☆ 宇宙に行ってみたいか ☆


 はやぶさ2の快挙、ブラックホールの撮影成功などで、近頃、宇宙が話題になっている。宇宙旅行ができるようになったら行ってみたいと言う者も少なくない。

 しかし、宇宙飛行士以外の一般市民が月や火星に行くことができるようになったとしても、行かない方がよい。もし、100人の一般市民が月旅行をしたら、99人は後悔し、二度と行かないと言うに違いない。

 月には大気が存在しないから、飛行船や基地の外にでるには酸素ボンベを背負っていかなくてはならない。さらに、月の重力は地球の6分の1しかない。人間の身体は地球の重力に適応しており、重力の小さい月ではうまく身体を動かせない。動かすことが難しいだけではなく、内臓への負担も大きい。また、大気がないから有害な宇宙線を大量に浴びる。
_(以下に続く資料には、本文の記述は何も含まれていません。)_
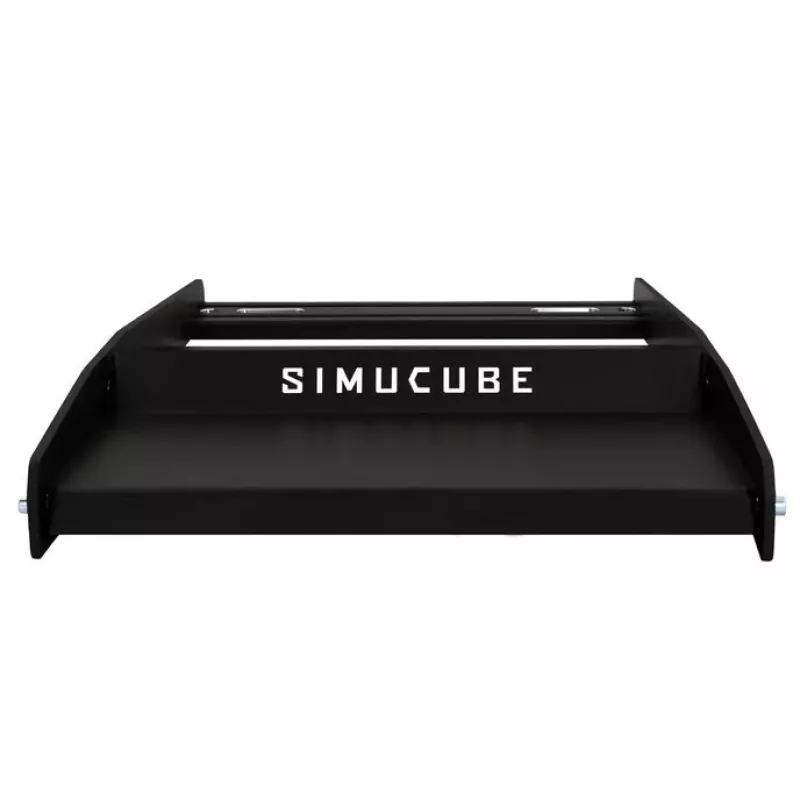 Simucube Baseplate ACPE-BP πλάκα τοποθέτησης πεντάλ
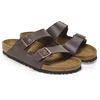 Image de Birkenstock Arizona Birko-Flor Slippers Senior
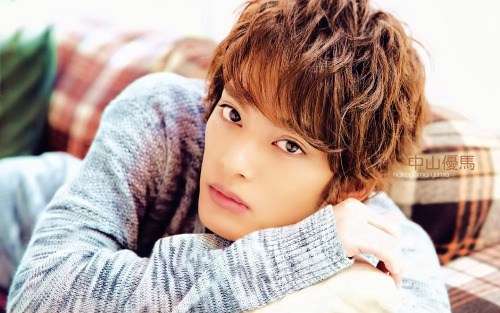 【イケメン】最近見たかっこいい男【癒し】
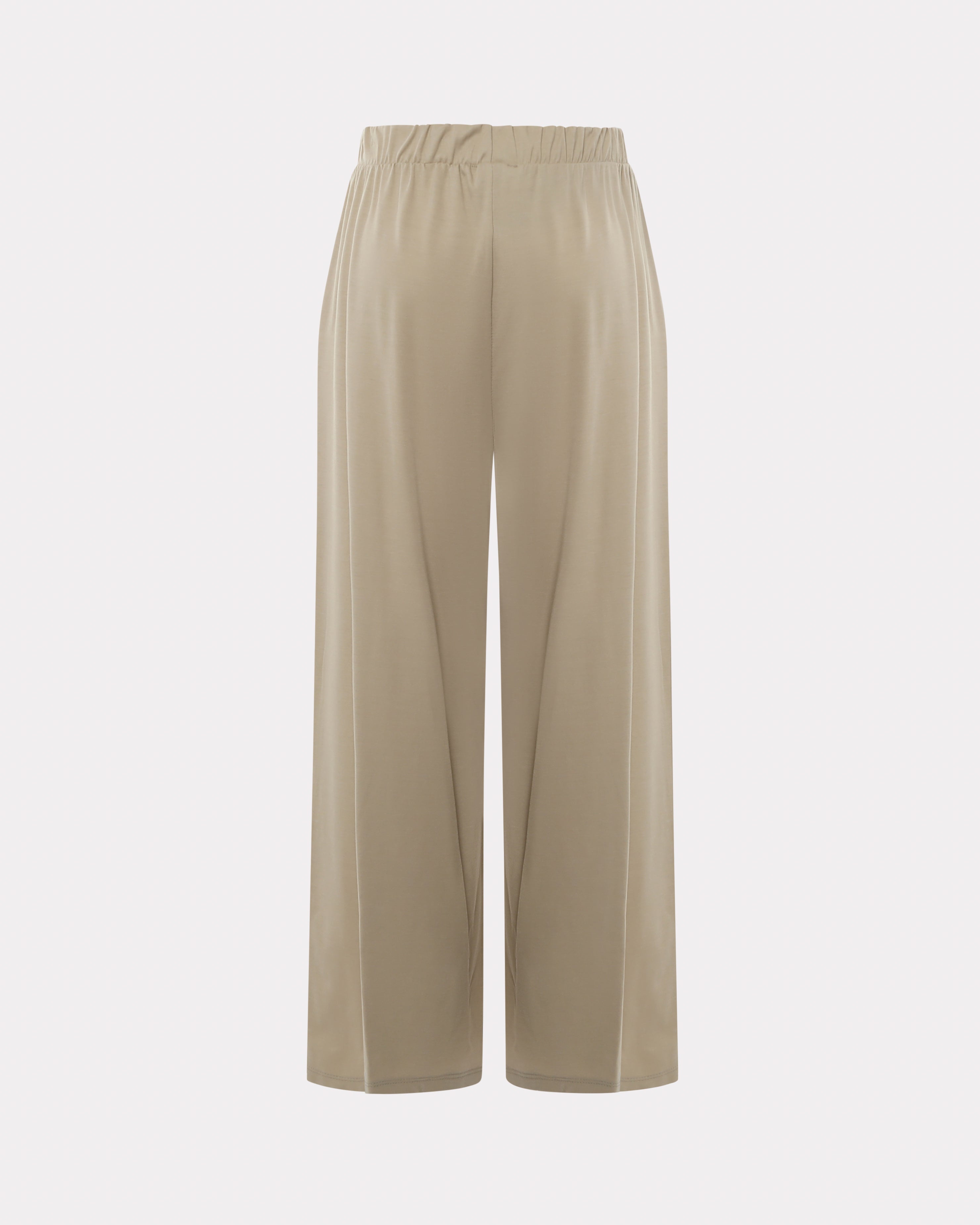 MGPA2910|Colore:Beige
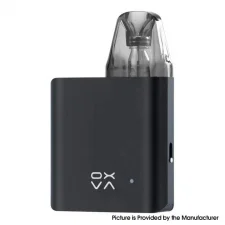 Oxva Xlim SQ Pod Vape Kit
 火星も酸素がなく、外出には酸素ボンベが欠かせない。重力も地球の3分の1で、行動に制約を受け、健康にも悪い。大気も薄く宇宙線の影響が無視できない。なにより、火星は月より遥かに遠く、行くまでに時間が掛かる。将来の技術進歩を考慮に入れても、半年はかかる。飛行機に半年乗っていることを想像してみよう。普通の者ではとても耐えられない。豪華客船並みの装備があっても一週間ともたないだろう。しかも嫌になっても降りることはできない。飛行中は無重力状態に近く、健康への影響も大きい。飛行中に重大な事故がおきれば助かる見込みはない。重篤な病にかかっても同じことになる。

 宇宙旅行は十分に訓練された宇宙飛行士以外には難しい。宇宙飛行士になるために必要な厳しい訓練に耐え、さらに強靭な肉体と精神を持つ者だけが宇宙に行ける。一般市民は、宇宙に行くのではなく、衛星や宇宙船から送られてくる映像をみて楽しむ方がよい。近年VRやARの技術の進歩が著しい。こうした技術を活用することで、ただ観るだけではなく、一般市民が臨場感を味わうことが、いずれ可能になる。それで十分だろう。

 とは言え、一般市民が宇宙に興味を持つことは喜ばしい。宇宙を知ることは地球を知り、人間を知ることに繋がる。はやぶさなど衛星から送られてくる映像は、地球が生命に満ちた素晴らしい場所であることを思い出させてくれる。そして、いま、人間の活動がこの自然生態系を脅かしている。多様な生態系は少なくとも太陽系では地球にしか存在しない。私たちは地球でしか暮らしていけない。地球生態系が破壊されたとき、人間もまた滅びる。衛星や宇宙船からの情報は、いま、私たちが何をすべきか、何をしてはならないかを教えてくれる。大切なことは、宇宙に旅行することではなく、宇宙から謙虚に学ぶことなのだ。